-- Given information --
===============

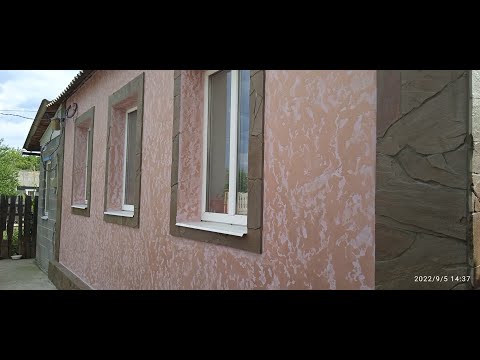 Надёжный,долговечный фасад дома своими руками
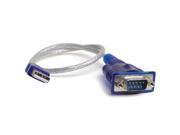 1 USB to RS 232 DB 9 Male Cable Add a Serial Port to your DVR System via USB! Support PTZ Control or Datas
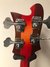 Rickenbacker 4003/4 S, Fireglo: Headstock - Rear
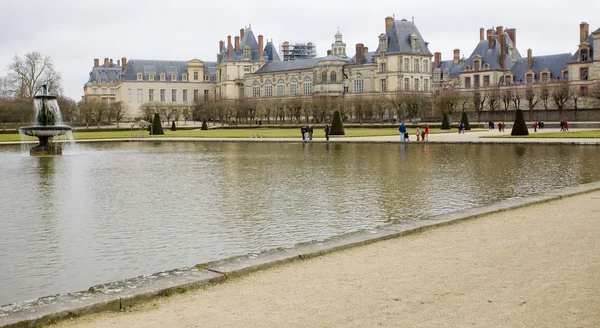 Palacio Fontainebleau —  Fotos de Stock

===============

-- Task directions --
The answer is the full listing above, repeated exactly, with its pictures removed.

-- Completed exercise --
 Надёжный,долговечный фасад дома своими руками
 1 USB to RS 232 DB 9 Male Cable Add a Serial Port to your DVR System via USB! Support PTZ Control or Datas
 Rickenbacker 4003/4 S, Fireglo: Headstock - Rear
 Palacio Fontainebleau —  Fotos de Stock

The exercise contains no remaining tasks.